**Task item**. Take from the entries below the stretch from the line with "Women's Denim Jacket" through the line with "Born to be Somebody: 2nd B-flat Trumpet", and return it exactly, leaving the pictures out.

**Record extracts**.
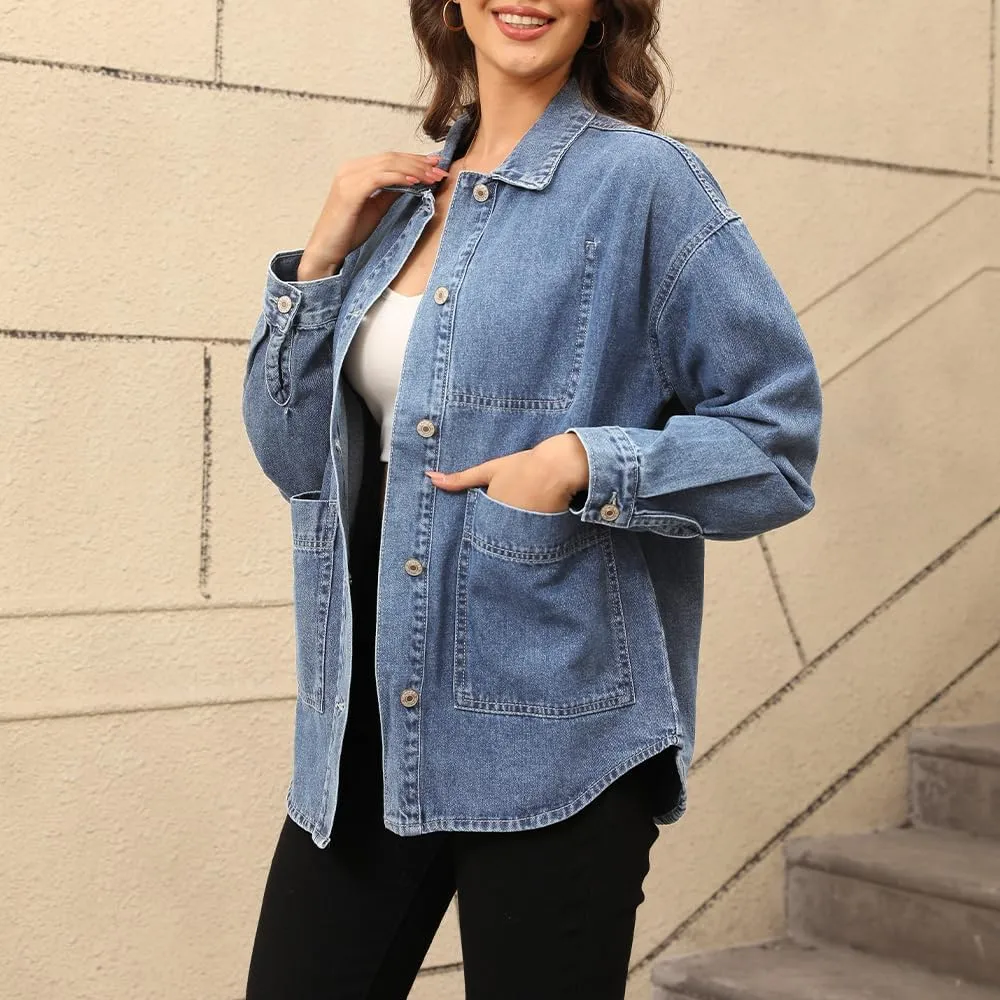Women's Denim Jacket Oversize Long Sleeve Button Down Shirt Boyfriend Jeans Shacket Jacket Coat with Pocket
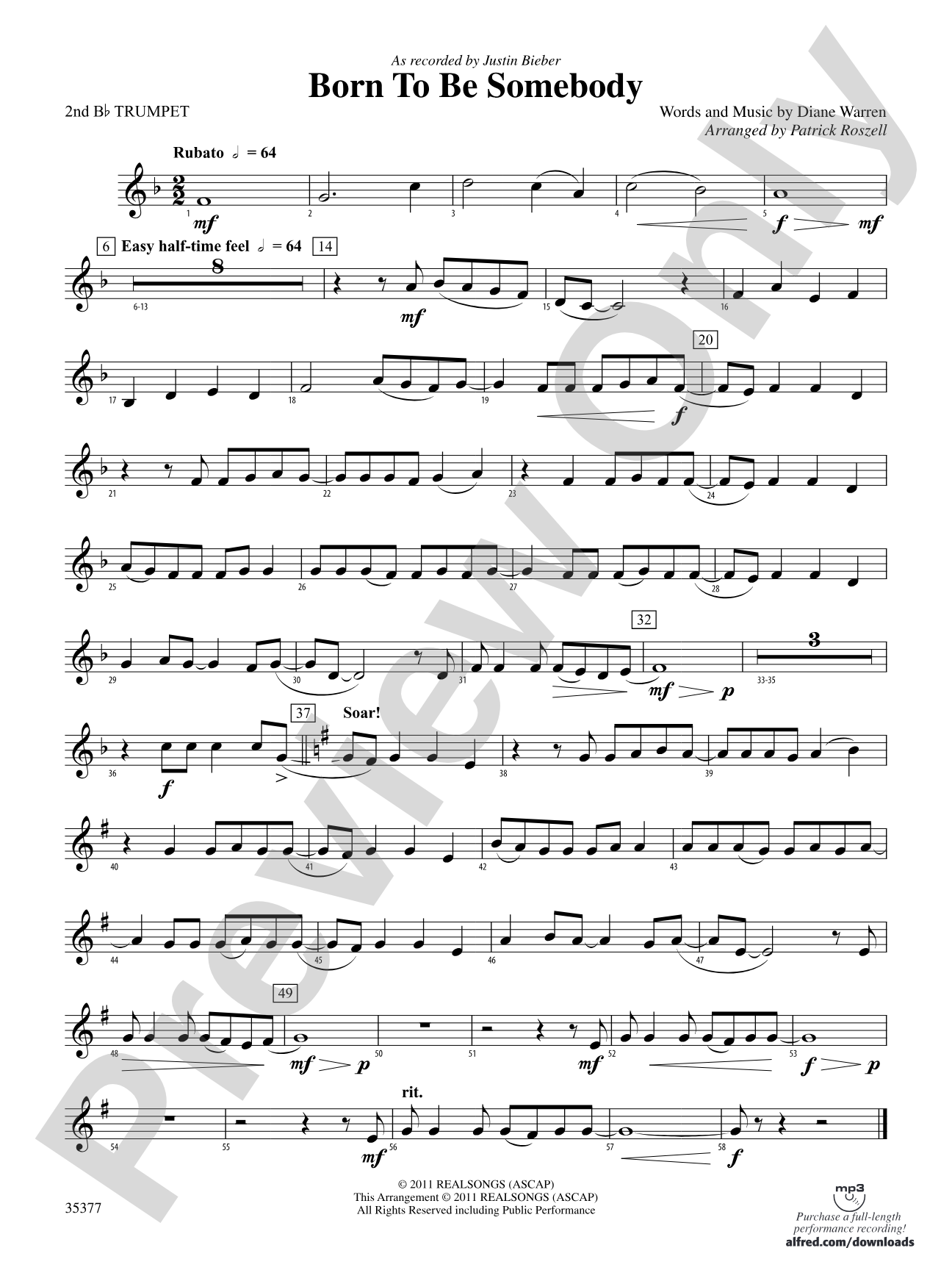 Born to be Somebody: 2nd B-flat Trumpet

--

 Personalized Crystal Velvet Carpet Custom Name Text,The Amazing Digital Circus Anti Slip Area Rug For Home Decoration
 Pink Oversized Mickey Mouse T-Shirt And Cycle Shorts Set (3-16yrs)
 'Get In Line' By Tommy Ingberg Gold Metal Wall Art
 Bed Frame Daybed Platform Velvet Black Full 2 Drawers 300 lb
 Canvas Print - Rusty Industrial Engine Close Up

**Answer**.
Women's Denim Jacket Oversize Long Sleeve Button Down Shirt Boyfriend Jeans Shacket Jacket Coat with Pocket
 Born to be Somebody: 2nd B-flat Trumpet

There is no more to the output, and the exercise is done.